Todas padecem do que se denomina como síndrome da impostora, que poderia ser definida como a falta de autoestima para desempenhar uma função em espaços tradicionalmente masculinos, o que leva à necessidade de trabalhar mais e melhor para ter direito a esse reconhecimento. Uma das últimas a manifestar-se a respeito foi a escritora espanhola Carmen G. de la Cueva, em sua conta no Facebook: “Não sei quantas madrugadas passei respondendo a e-mails que achava urgentíssimos, deixando de tomar o café da manhã ou almoçar porque NÃO PODIA parar, porque o que tinha em mãos era importantíssimo… As vezes que ainda me sinto como uma impostora e deixo que outros falem por mim, deixo de dizer o que penso para não incomodar, para não entrar em conflito. Com quantos manplanner me encontro diariamente, QUANTOS homens me dizem que tipo de feminista deveria ser”. Mas, por que as mulheres têm essa sensação de se sentir impostoras em seu trabalho?
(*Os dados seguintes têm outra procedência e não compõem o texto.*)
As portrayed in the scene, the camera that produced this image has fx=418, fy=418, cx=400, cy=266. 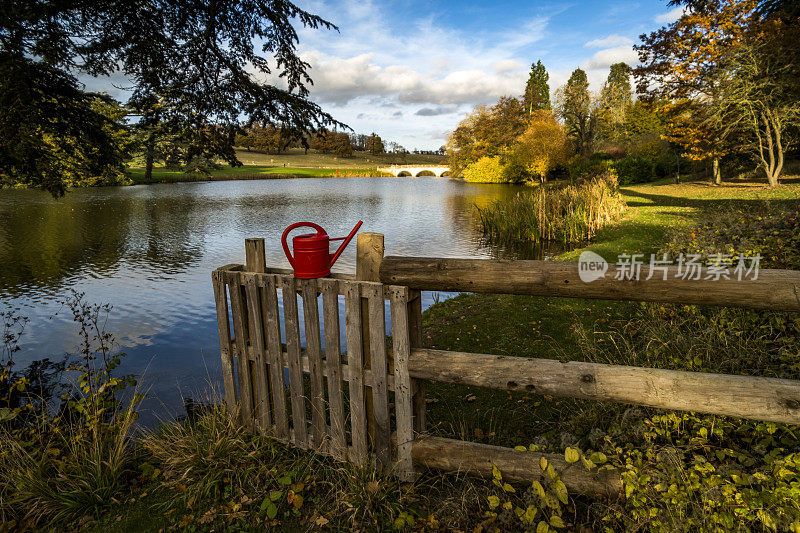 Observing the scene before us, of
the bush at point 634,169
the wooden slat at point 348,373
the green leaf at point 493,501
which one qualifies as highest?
the bush at point 634,169

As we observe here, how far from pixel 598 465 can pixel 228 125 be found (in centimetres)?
683

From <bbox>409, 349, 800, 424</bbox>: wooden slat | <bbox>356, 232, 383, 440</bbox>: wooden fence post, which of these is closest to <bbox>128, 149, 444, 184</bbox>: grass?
<bbox>356, 232, 383, 440</bbox>: wooden fence post

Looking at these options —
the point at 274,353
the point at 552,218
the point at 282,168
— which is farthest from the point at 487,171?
the point at 274,353

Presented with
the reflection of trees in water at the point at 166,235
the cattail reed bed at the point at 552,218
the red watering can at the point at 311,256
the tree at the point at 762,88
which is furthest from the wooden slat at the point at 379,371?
the tree at the point at 762,88

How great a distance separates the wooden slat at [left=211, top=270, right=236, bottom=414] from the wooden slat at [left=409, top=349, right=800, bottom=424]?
6.14ft

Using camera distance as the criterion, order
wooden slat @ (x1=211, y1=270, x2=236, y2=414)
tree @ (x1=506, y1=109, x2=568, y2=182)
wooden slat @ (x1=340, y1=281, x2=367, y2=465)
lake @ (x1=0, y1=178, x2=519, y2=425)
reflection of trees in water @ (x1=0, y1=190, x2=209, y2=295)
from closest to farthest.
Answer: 1. wooden slat @ (x1=340, y1=281, x2=367, y2=465)
2. wooden slat @ (x1=211, y1=270, x2=236, y2=414)
3. lake @ (x1=0, y1=178, x2=519, y2=425)
4. reflection of trees in water @ (x1=0, y1=190, x2=209, y2=295)
5. tree @ (x1=506, y1=109, x2=568, y2=182)

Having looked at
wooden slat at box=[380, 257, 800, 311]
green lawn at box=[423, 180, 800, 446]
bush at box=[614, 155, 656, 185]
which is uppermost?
bush at box=[614, 155, 656, 185]

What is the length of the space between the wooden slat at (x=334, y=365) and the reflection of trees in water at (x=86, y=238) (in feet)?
40.0

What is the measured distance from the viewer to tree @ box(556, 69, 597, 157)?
47.5 m

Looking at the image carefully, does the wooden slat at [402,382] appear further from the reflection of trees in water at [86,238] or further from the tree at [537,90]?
the tree at [537,90]

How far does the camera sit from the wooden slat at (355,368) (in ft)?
10.7

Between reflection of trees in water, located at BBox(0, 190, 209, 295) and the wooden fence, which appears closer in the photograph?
the wooden fence

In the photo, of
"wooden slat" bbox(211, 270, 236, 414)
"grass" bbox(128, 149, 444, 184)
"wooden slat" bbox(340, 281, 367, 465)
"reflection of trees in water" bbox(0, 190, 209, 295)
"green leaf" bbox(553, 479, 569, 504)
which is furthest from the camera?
"grass" bbox(128, 149, 444, 184)

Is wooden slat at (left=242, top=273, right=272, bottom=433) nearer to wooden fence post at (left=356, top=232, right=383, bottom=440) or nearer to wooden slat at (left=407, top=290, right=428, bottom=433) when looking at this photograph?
wooden fence post at (left=356, top=232, right=383, bottom=440) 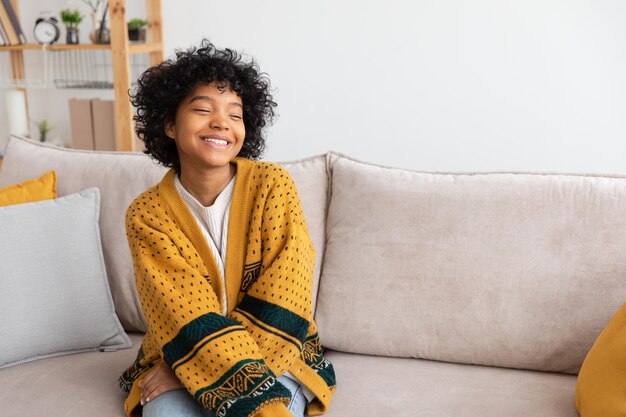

O que significa a síndrome da impostora?
Segundo Jose A. M. Vela, sociólogo e doutorando em estudos Interdisciplinares de Gênero da UAM (Universidade Autônoma de Madrid), “a Síndrome da Impostora corresponde a essa autopercepção pela qual uma pessoa se considera menos qualificada para uma determinada função, cargo ou desempenho que seus companheiros”. Sobre os fatores que influem nisso, o especialista afirma que são cruciais “uma baixa autoestima e uma excessiva auto exigência”, embora não se trate tanto de uma questão individual, mas do reflexo de um problema social. Desse modo, Vela explica que “a socialização diferenciada, pela qual homens e mulheres são educados em papéis distintos e em valores distintos, cria o caldo de cultura perfeito para que as mulheres sintam de forma maciça a síndrome da impostora”.
A consequência disso é que a pessoa que a sofre “tentará compensar o que entende como falta de capacidade (e não de preparação) com maior esforço e horas de trabalho. Quando o projeto ou trabalho efetivamente sai corretamente, essas pessoas explicam o resultado positivo graças a seu esforço extra e não à sua capacidade, o que faz com que a síndrome se reforce”.
Embora, por essas razões, seja uma síndrome que ocorre sobretudo com mulheres, também se dá em outros grupos, que basicamente saem da norma e têm que “demonstrar” o seu valor à sociedade. É o caso, por exemplo, das “famílias monoparentais e das famílias homoparentais”, que, segundo o sociólogo, “se esforçam em educar seus filhos tão bem ou melhor que os casais heterossexuais. Em ambos os casos, essas pessoas sentem que são questionadas pelo modelo padrão, a maneira ‘correta’ e sancionada de fazer as coisas. O mesmo se dá com as mulheres diretoras que trabalham rodeadas de homens”.
De onde surge essa falta de confiança?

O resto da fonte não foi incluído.